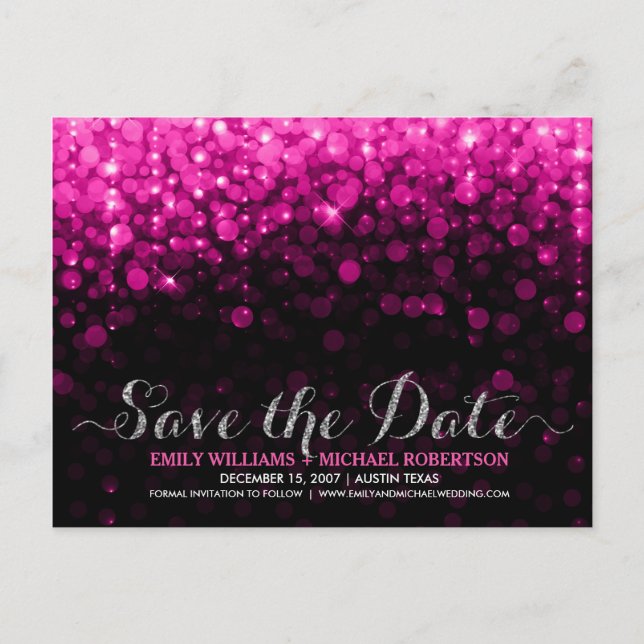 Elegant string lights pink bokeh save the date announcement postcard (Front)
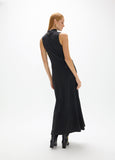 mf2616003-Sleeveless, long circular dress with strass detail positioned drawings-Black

==

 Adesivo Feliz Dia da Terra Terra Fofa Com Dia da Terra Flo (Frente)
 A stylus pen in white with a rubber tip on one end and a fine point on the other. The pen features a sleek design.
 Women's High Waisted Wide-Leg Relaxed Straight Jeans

Prompt:
Using the records above, return verbatim only the part that opens with the line containing "Elegant string lights" and closes with the line containing "mf2616003-Sleeveless, long circular"; pictures stay out.

Solved exercise:
 Elegant string lights pink bokeh save the date announcement postcard (Front)
 mf2616003-Sleeveless, long circular dress with strass detail positioned drawings-Black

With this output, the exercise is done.